Dunne hat auch bereits einen Formel-E-Test absolviert, bei der Unterzeichnung seines nur kurz dauernden Vertrages mit Red Bull dürfte er darauf gehofft haben, 2026 bei den Racing Bulls Formel 1 fahren zu dürfen, an der Seite von Alex Lindblad, der fast zeitgleich intern bei Red Bull als Fahrer bestätigt worden war. Dunne konnte aber noch damit spekulieren, den Platz von Liam Lawson zu bekommen – ob berechtigt, oder nicht, wissen wir nicht.

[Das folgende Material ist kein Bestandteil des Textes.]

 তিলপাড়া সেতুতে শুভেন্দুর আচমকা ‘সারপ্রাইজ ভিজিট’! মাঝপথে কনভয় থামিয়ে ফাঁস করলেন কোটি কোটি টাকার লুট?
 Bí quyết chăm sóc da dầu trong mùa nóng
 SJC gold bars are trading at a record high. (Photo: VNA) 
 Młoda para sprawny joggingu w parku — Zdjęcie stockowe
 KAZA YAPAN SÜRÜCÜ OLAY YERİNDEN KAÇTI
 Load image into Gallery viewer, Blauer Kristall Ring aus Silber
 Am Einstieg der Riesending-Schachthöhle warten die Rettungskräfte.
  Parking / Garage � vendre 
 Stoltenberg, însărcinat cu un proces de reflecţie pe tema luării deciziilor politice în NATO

Was wir aber wissen: Red Bull Racing wird ohne Helmut Marko ein anderes Team sein, als wir es 20 Jahre lang erlebt haben. Und Laurent Mekies, der unbestreitbar tolle Arbeit leistet, könnte der Sieger im Machtkampf Marko vs. Horner werden.
Dunne selbst hofft derzeit, nun in das Förderprogramm von Alpine zu kommen. Zudem wurde eben bekannt, dass er die Formel 2 auch 2026 für Rodin bestreiten wird. Ob das Geld, dass er dort einzahlen muss, zum Teil von seinem kurzen Red-Bull-Abenteuer kommt, ist unbekannt. Er freut sich und rechnet damit, um den Titel mitkämpfen zu können: "Ich habe eine großartige Verbindung zu Rodin aufgebaut."
Wie groß der unfreiwillige Anteil von Dunne und seinem Vertrag an der Entfremdung zwischem Mintzlaff und Marko war, das wissen nur die beiden. Fest steht aber, dass Red Bull nach dem Tod von Dietrich Mateschitz einen Kulturwechsel erlebt. Selbst wenn Marko Dunne ohne Absegnung mit Red Bull geholt haben mag, kann man das verstehen – den potenziellen Jahrhundertrennfahrer Max Verstappen hat Marko nicht zuletzt deshalb bekommen, weil er dank seiner Handschlags-Beziehung zu Mateschitz schnell handeln konnte, schneller als klassische Konzern-Teams wie Mercedes oder Ferrari. Das war auch immer die Stärke von Red Bull, diese Flexibiliät. Es liegt aber im Lauf der Geschichte, dass man angesichts der Größe des Imperiums nach dem Tod des Gründers strukturierter aufgestellt sein muss. Und so haben sich die Wege von Red Bull und Marko nun getrennt, ohne das auch nur eine der beiden Seiten was dramatisch falsch gemacht hat. Red Bull Racing wird nie mehr so sein wie in den ersten 20 Jahren und man kann gespannt sein, in welche Richtung sich der Rennstall "in zweiter Generation" weiterentwickelt.
(Anm: Text wird laufend aktualisiert)
Alex Dunne wurde dieser Tage als Rodin-Pilot für 2026 präsentiert. Seine Unterschrift dürfte er davor aber erst einmal bei Helmut Marko gesetzt haben. 2025 verzeichnete er in der Formel 2 als Rookie zwei Pole positions, acht Podien, zwei Siege.
In der Formel 2 konnte Dunne heuer einige Erfolge verbuchen.
In Irland ist Dunne so ein Hoffnungsträger, das sogar im Parlament aktuell darüber diskutiert wird, seine Karriere mit Steuergeldern zu subventionieren. Bis zu seinem Crash in Monaco hatte er die Formel 2 heuer angeführt.